(Short text fragments from websites)
★ ★ ★ ★ ★ ★ ★

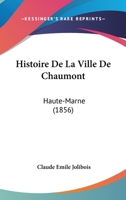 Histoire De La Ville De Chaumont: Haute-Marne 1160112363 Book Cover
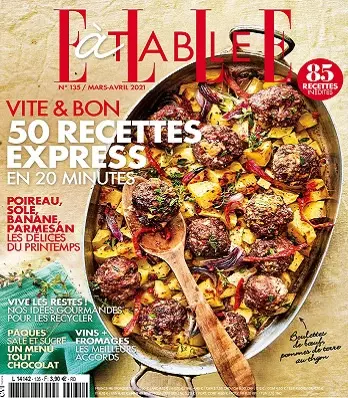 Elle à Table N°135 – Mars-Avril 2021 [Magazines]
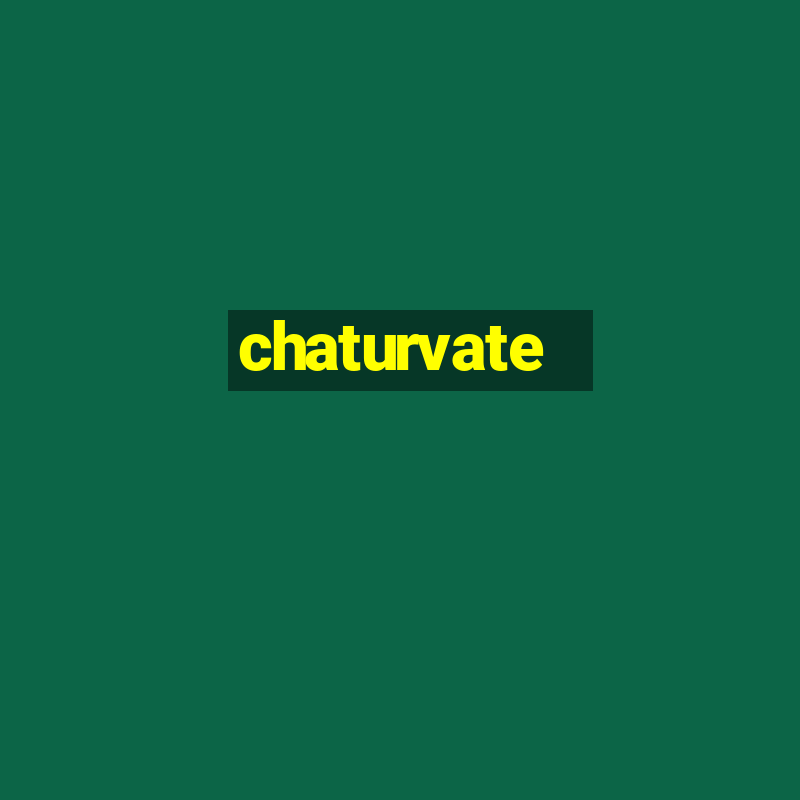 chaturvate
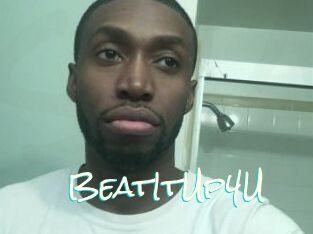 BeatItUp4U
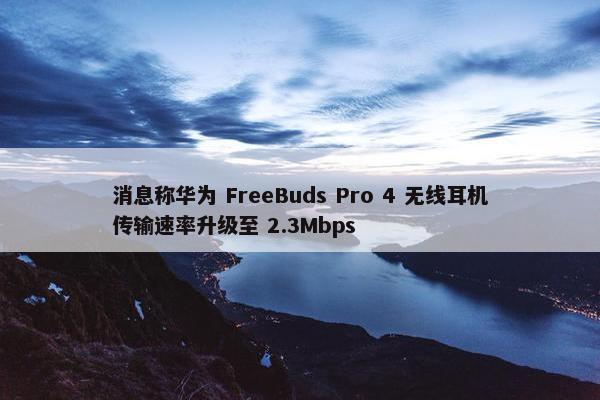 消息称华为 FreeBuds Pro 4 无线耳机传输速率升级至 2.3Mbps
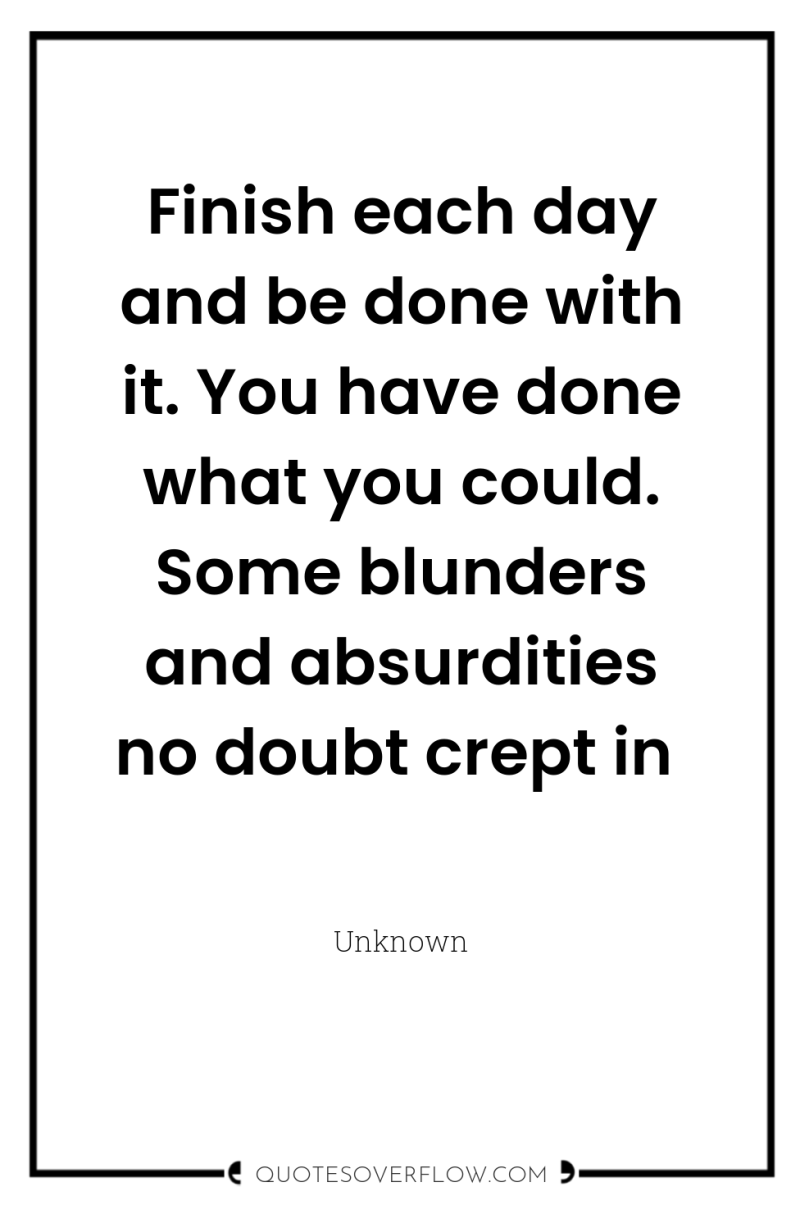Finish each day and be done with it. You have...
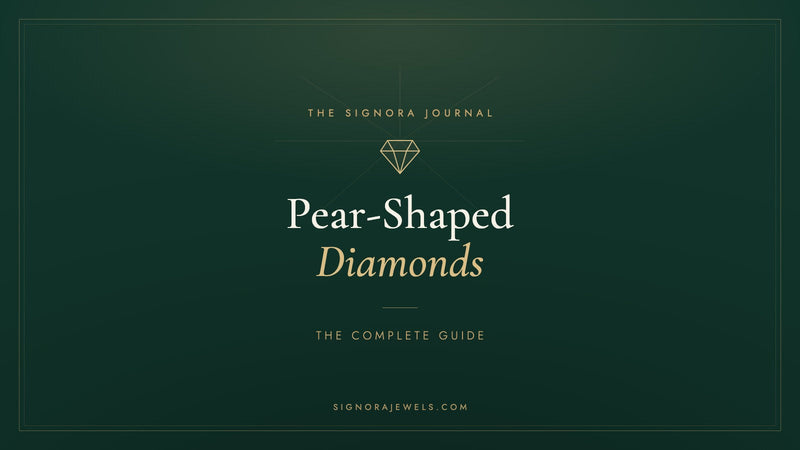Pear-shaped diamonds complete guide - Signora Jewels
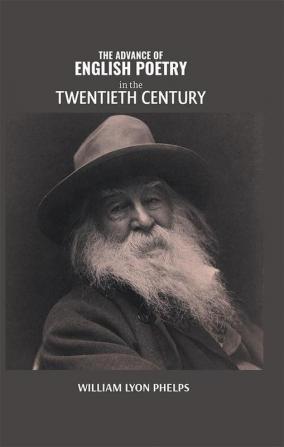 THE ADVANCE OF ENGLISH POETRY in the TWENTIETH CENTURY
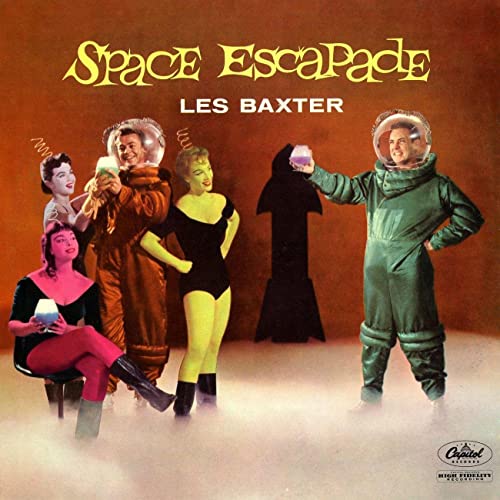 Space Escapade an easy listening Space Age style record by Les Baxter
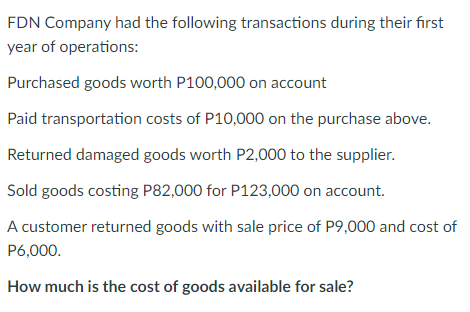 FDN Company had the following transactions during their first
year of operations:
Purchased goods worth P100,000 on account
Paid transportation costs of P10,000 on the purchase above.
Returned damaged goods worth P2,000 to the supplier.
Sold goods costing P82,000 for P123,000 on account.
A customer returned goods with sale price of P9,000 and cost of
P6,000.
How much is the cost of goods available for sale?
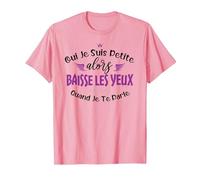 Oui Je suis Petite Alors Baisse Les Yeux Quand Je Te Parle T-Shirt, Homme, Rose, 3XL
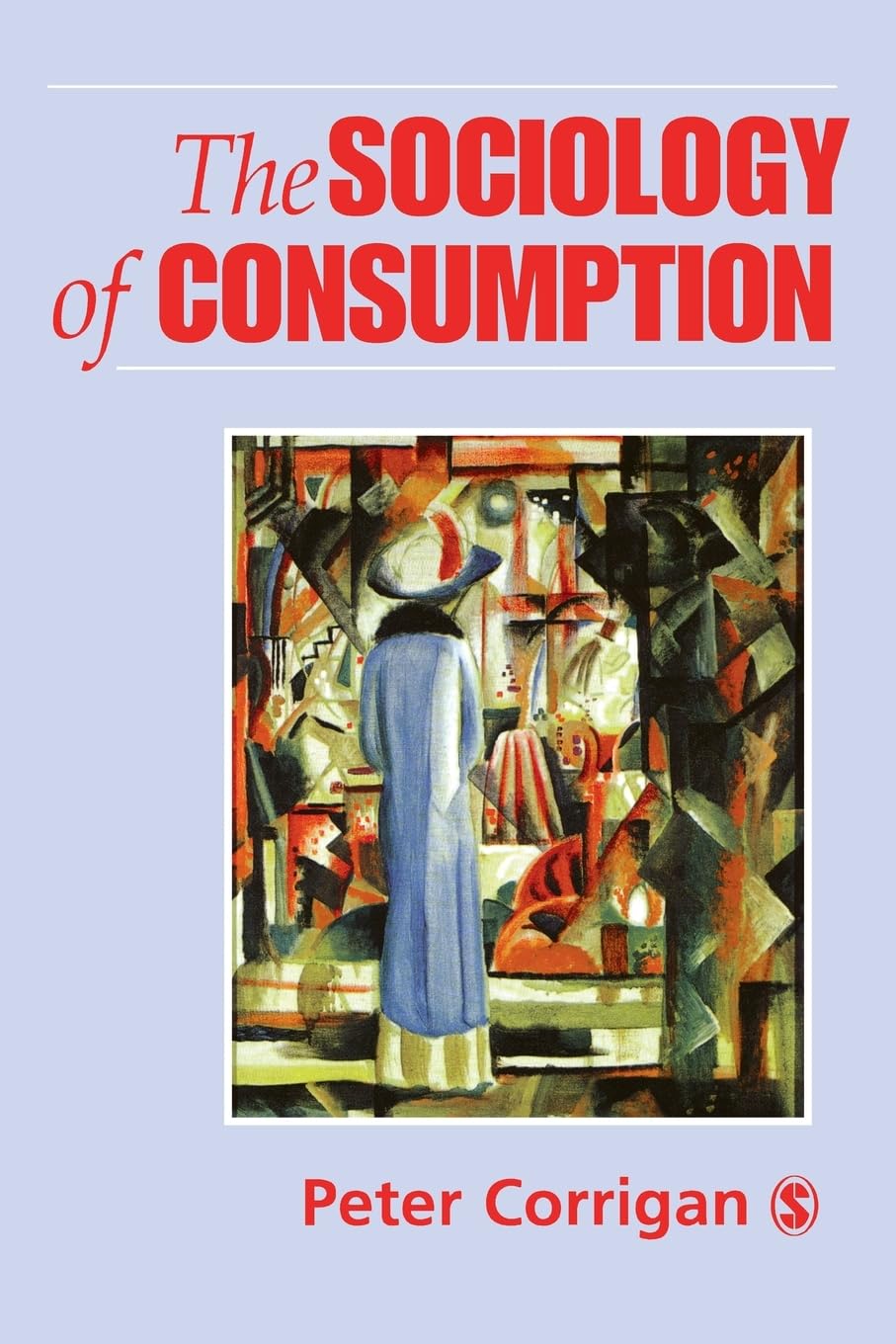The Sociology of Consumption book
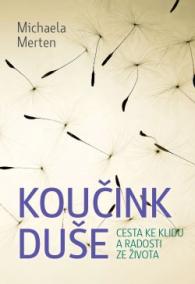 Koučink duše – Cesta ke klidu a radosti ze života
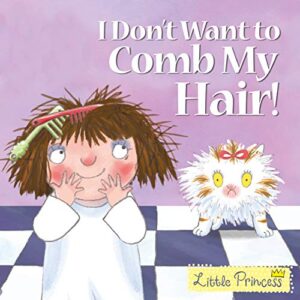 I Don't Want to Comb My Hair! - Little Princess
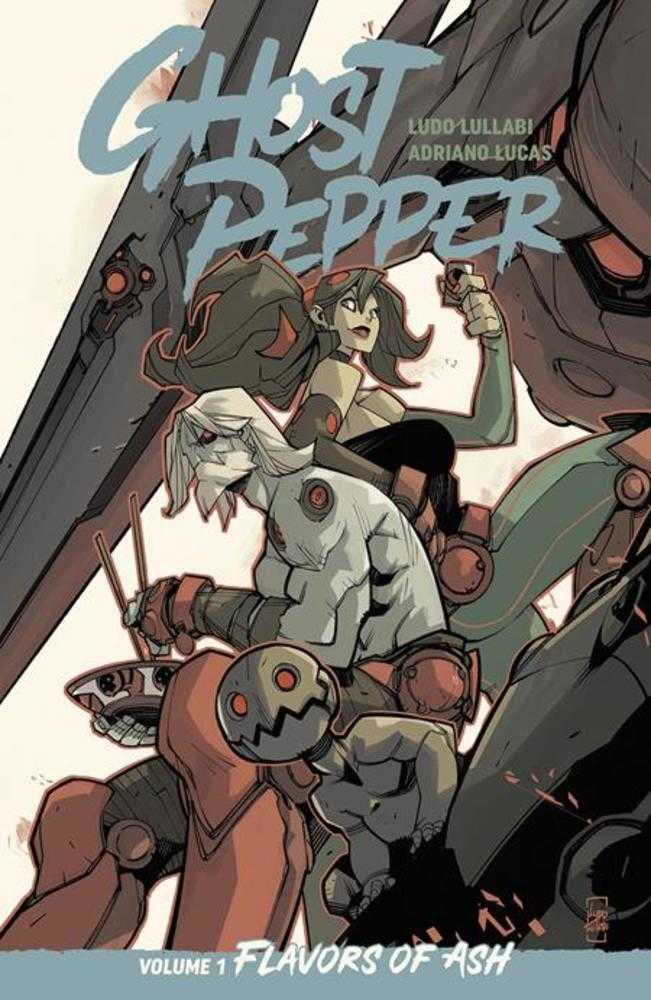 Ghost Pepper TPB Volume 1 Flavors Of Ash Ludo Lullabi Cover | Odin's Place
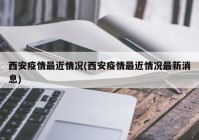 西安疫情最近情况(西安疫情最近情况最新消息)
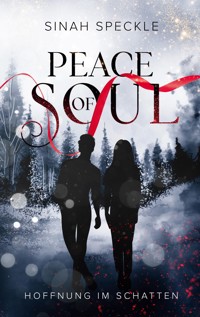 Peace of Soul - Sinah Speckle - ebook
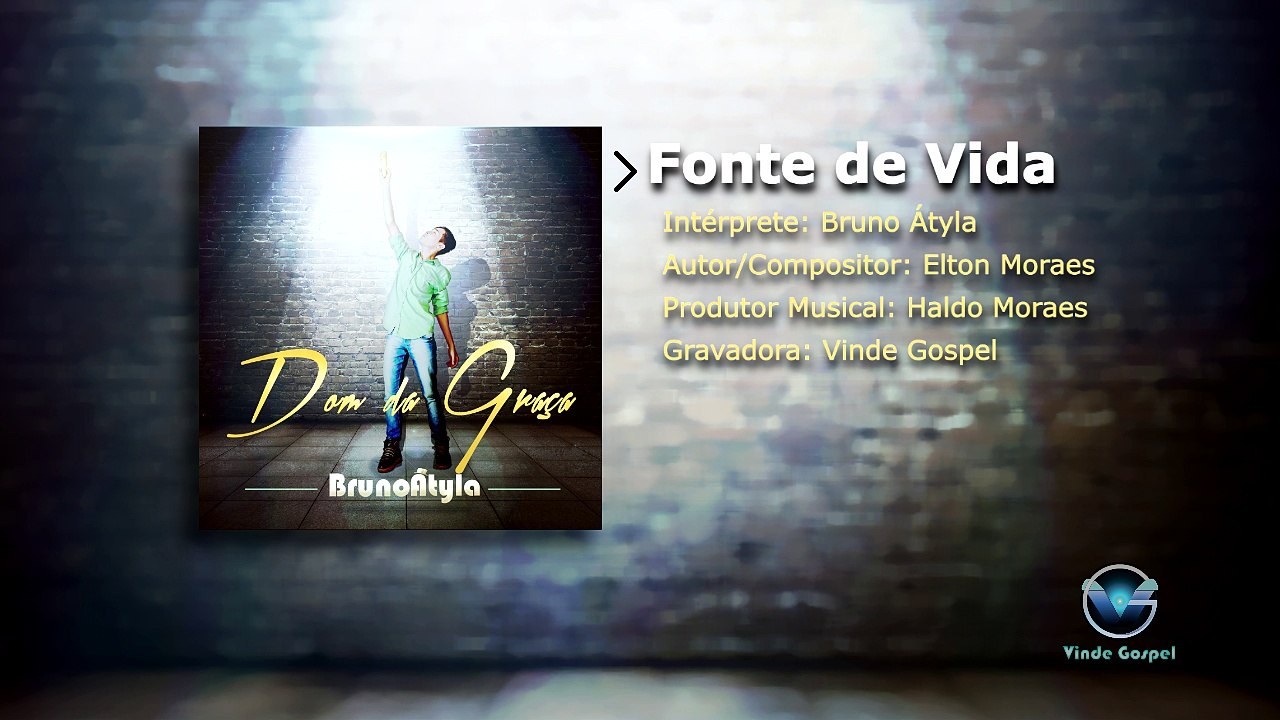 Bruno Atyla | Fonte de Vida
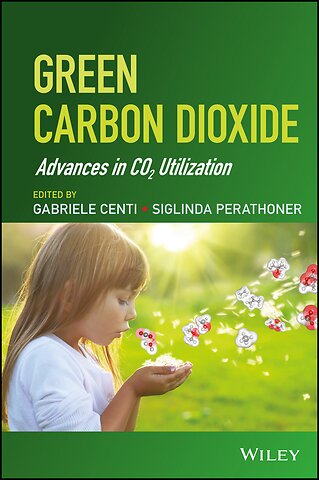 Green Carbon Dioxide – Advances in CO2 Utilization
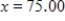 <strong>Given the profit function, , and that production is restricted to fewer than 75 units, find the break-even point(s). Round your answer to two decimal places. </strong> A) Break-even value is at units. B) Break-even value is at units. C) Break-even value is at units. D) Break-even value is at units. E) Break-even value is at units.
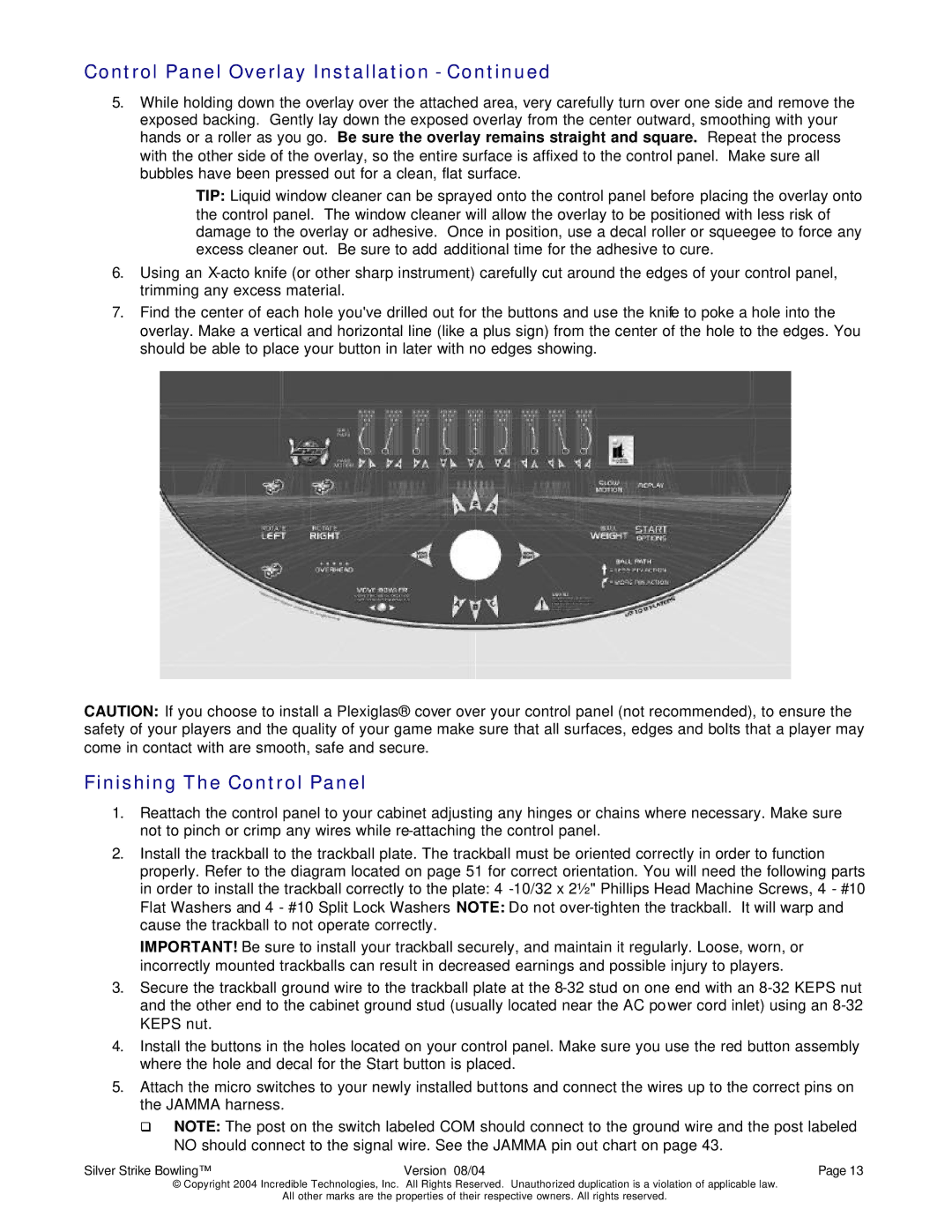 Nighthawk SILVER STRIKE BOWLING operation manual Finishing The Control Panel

★ ★ ★ ★ ★ ★ ★

GOAL OF THE EXERCISE
Could you reproduce the entries verbatim, leaving out all pictures?

TASK ANSWER
 Histoire De La Ville De Chaumont: Haute-Marne 1160112363 Book Cover
 Elle à Table N°135 – Mars-Avril 2021 [Magazines]
 chaturvate
 BeatItUp4U
 消息称华为 FreeBuds Pro 4 无线耳机传输速率升级至 2.3Mbps
Finish each day and be done with it. You have...
Pear-shaped diamonds complete guide - Signora Jewels
 THE ADVANCE OF ENGLISH POETRY in the TWENTIETH CENTURY
 Space Escapade an easy listening Space Age style record by Les Baxter
 FDN Company had the following transactions during their first
year of operations:
Purchased goods worth P100,000 on account
Paid transportation costs of P10,000 on the purchase above.
Returned damaged goods worth P2,000 to the supplier.
Sold goods costing P82,000 for P123,000 on account.
A customer returned goods with sale price of P9,000 and cost of
P6,000.
How much is the cost of goods available for sale?
 Oui Je suis Petite Alors Baisse Les Yeux Quand Je Te Parle T-Shirt, Homme, Rose, 3XL
The Sociology of Consumption book
 Koučink duše – Cesta ke klidu a radosti ze života
 I Don't Want to Comb My Hair! - Little Princess
 Ghost Pepper TPB Volume 1 Flavors Of Ash Ludo Lullabi Cover | Odin's Place
 西安疫情最近情况(西安疫情最近情况最新消息)
 Peace of Soul - Sinah Speckle - ebook
 Bruno Atyla | Fonte de Vida
 Green Carbon Dioxide – Advances in CO2 Utilization
 <strong>Given the profit function, , and that production is restricted to fewer than 75 units, find the break-even point(s). Round your answer to two decimal places. </strong> A) Break-even value is at units. B) Break-even value is at units. C) Break-even value is at units. D) Break-even value is at units. E) Break-even value is at units.
 Nighthawk SILVER STRIKE BOWLING operation manual Finishing The Control Panel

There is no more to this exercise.